The problem: Transcribe the data below verbatim from the line with "United Nude Tara Soga Lo Sandals In Neutral" to the line with "Köçek's poster". Include both of those lines.

Dataset records:
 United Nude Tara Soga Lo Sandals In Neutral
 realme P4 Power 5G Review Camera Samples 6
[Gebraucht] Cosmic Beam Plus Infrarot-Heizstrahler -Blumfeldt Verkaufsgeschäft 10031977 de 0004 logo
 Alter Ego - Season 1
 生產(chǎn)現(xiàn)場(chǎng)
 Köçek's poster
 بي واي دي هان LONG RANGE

* * *

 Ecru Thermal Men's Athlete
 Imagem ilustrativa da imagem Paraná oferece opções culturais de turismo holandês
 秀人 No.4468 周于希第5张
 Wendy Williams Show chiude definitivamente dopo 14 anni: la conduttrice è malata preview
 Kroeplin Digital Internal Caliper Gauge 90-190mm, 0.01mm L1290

==

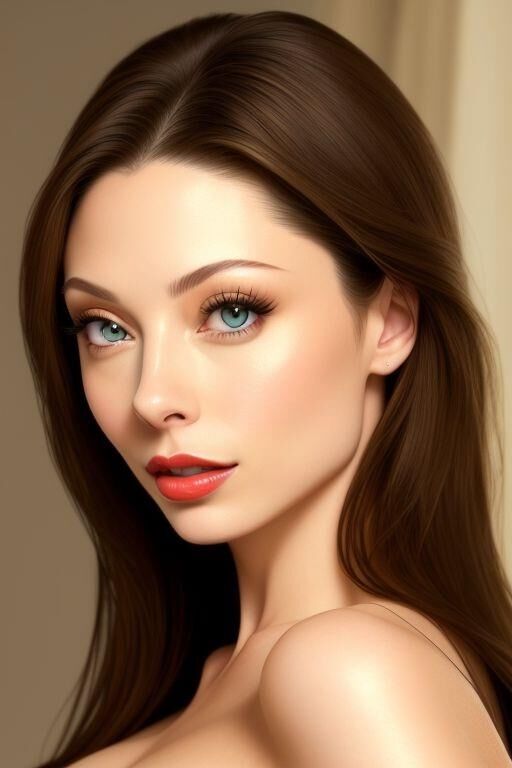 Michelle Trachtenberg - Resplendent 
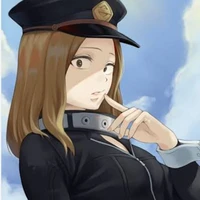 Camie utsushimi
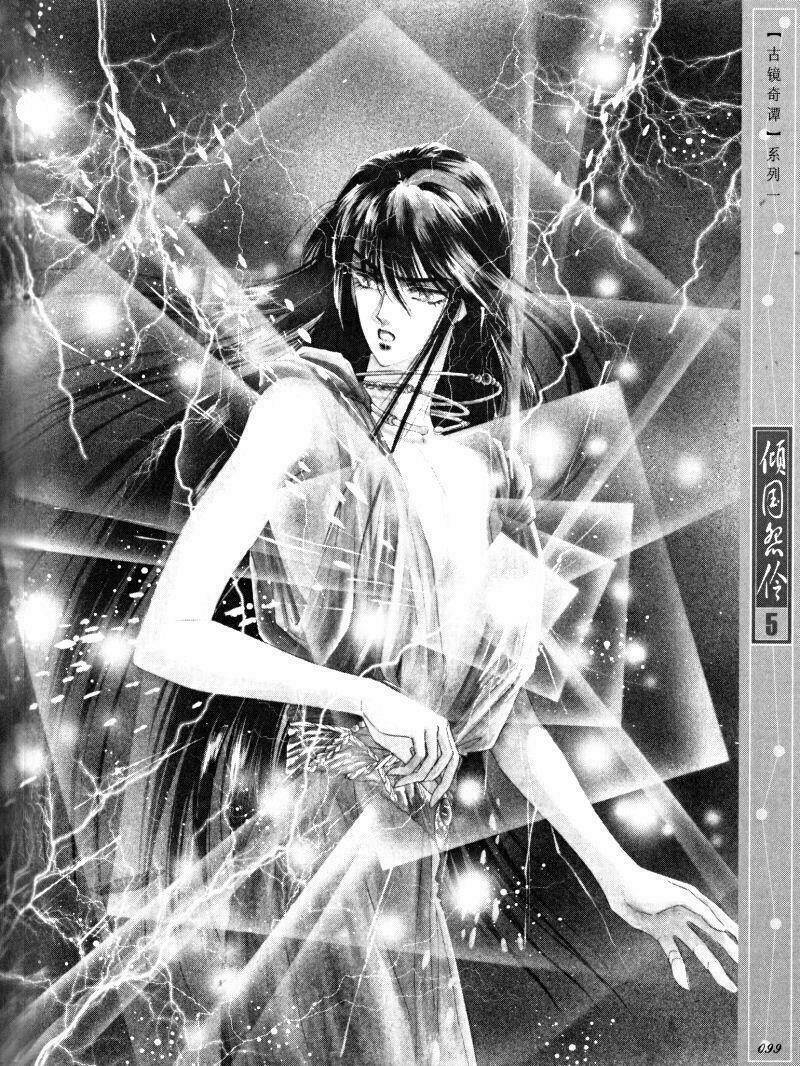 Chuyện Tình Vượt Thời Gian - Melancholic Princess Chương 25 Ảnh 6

Your response:
 United Nude Tara Soga Lo Sandals In Neutral
 realme P4 Power 5G Review Camera Samples 6
[Gebraucht] Cosmic Beam Plus Infrarot-Heizstrahler -Blumfeldt Verkaufsgeschäft 10031977 de 0004 logo
 Alter Ego - Season 1
 生產(chǎn)現(xiàn)場(chǎng)
 Köçek's poster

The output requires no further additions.